IT is clear that the Scottish National Party’s spending proposals would be financially calamitous for the whole of the United Kingdom, even though Nicola Sturgeon sought to strike a more conciliatory tone at yesterday’s launch of the SNP election manifesto.
Scotland’s First Minister is clearly in denial about the true state of the economy – the country does not have money to burn – and she has made no secret of her desire to see Ed Miliband replace David Cameron as Prime Minister and to oppose, for example, the renewal of the Trident nuclear deterrent.
Yet, while the SNP’s emergence as a major force at Westminster is likely to make it even more difficult for a strong and stable government to be formed after May 7, Britain’s political leaders only have themselves to blame for the current state of play. Like David Cameron, whose chances of victory remain compromised by the Conservatives haemorrhaging support to Nigel Farage and Ukip, Labour is now paying a heavy price for successive leaders – Ed Miliband included – taking the party’s core supporters in Scotland for granted.
However, while Ms Sturgeon and Mr Farage are both proving to be effective at winning over the disillusioned because each recognises that they are not contenders to be Prime Minister, it is also important that speculation about coalitions and other post-election machinations does not become as distracting as the TV leadership debates of 2010.
The fact of the matter is the option of a coalition government is not on the ballot paper. And, with just over two weeks to polling day, the onus is on the Conservatives and Labour to go on the offensive and make a far more positive case to the whole country than they have done so far. For, at present, Mr Cameron and Mr Miliband resemble leaders being buffeted by events rather than shaping the agenda. It does not bode well for the future.

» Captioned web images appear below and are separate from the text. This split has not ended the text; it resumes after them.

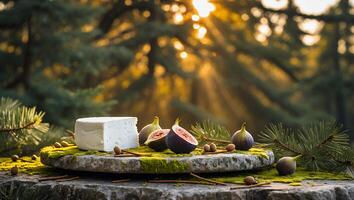 Arrangement of Feta Cheese and Figs on Stone Table in Forest photo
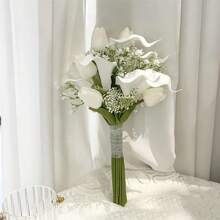 Bridesmaid Artificial Flower Bouquet For Wedding, White Tulip & Calla Lily Floral Arrangement, Bridal Bouquet, Wedding, Ceremony, Anniversary, Fake Flowers Spring Home Decor, Photography Props, Centerpiece, Party Table Decor, Holiday Decoration, Easter Gift, Birthday, Graduation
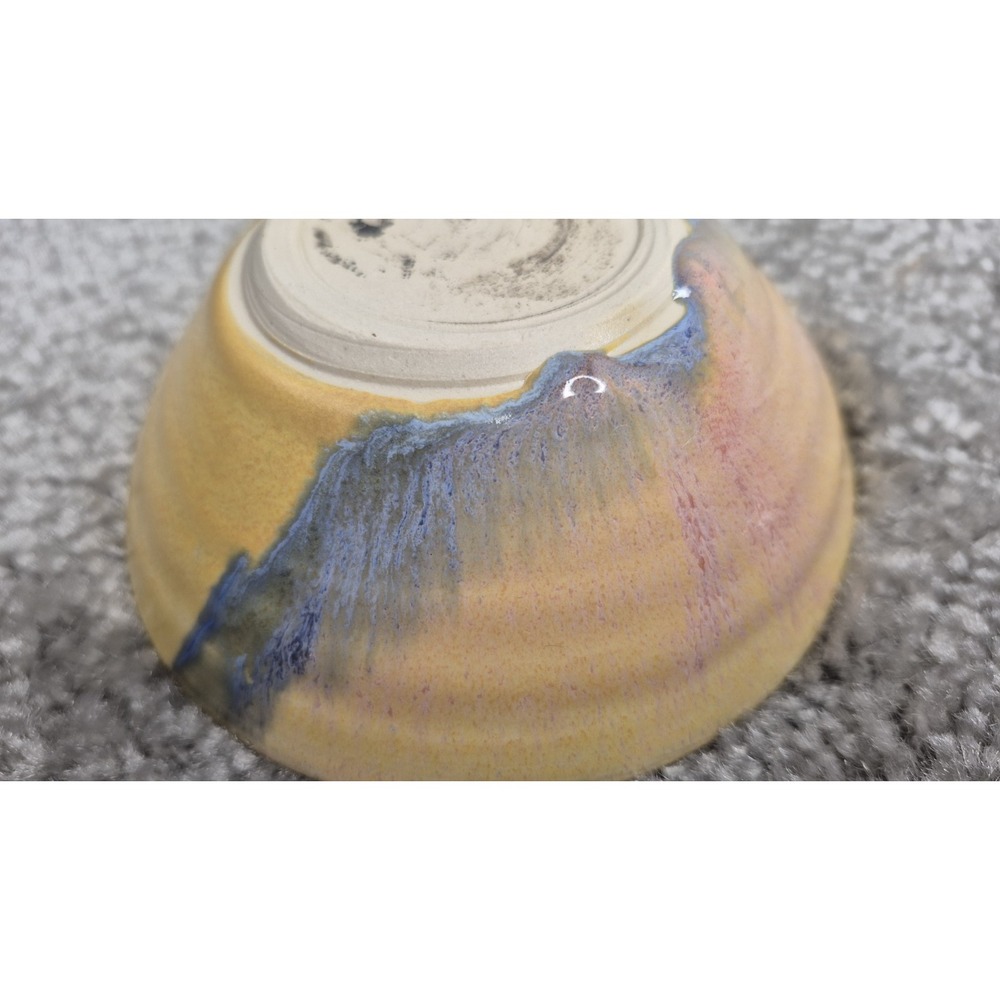 Muddy Five Studio Art Pottery Bowls Stoneware Yellow Blues‎ Pink Glazed Handmade - Picture 5 of 9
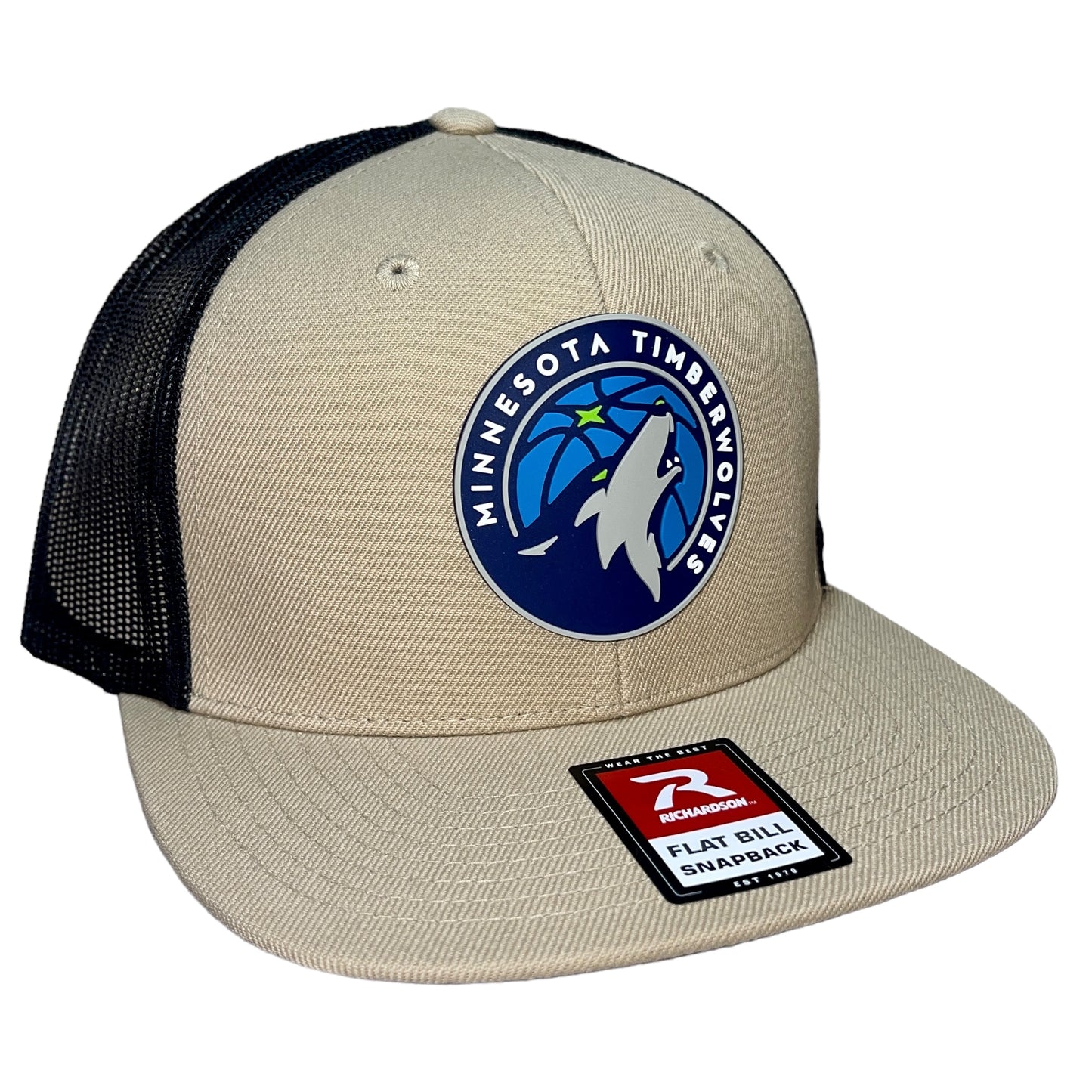 Minnesota Timberwolves 3D Wool Blend Flat Bill Hat- Tan/ Black - Ten Gallon Hat Co.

Yorkshire politican like no other
ROY MASON, who has passed away at the age of 91, was a Yorkshire politician like no other. A proud son of Barnsley who began work as a miner at the age of 14, he became one of the country’s youngest MPs before his career culminated with the toughest job in politics – Northern Ireland Secretary – at the height of the Troubles.
For, while Lord Mason will always be synonymous with Barnsley and a remarkable rise through Labour’s ranks which would not be possible today because of the reluctance of parties to select truly local candidates, his three turbulent years at Stormont in the late 1970s left an indelible mark which never left him.
Long after his Cabinet career ended with the downfall of the Callaghan government in 1979, Lord Mason of Barnsley was protected by armed police and it caused the Labour peer great angst when his security status was downgraded.
Here was a peacemaker and pragmatist who was ahead of his time in realising that security on the ground was critical to bringing about a lasting political settlement that would take another three decades to achieve.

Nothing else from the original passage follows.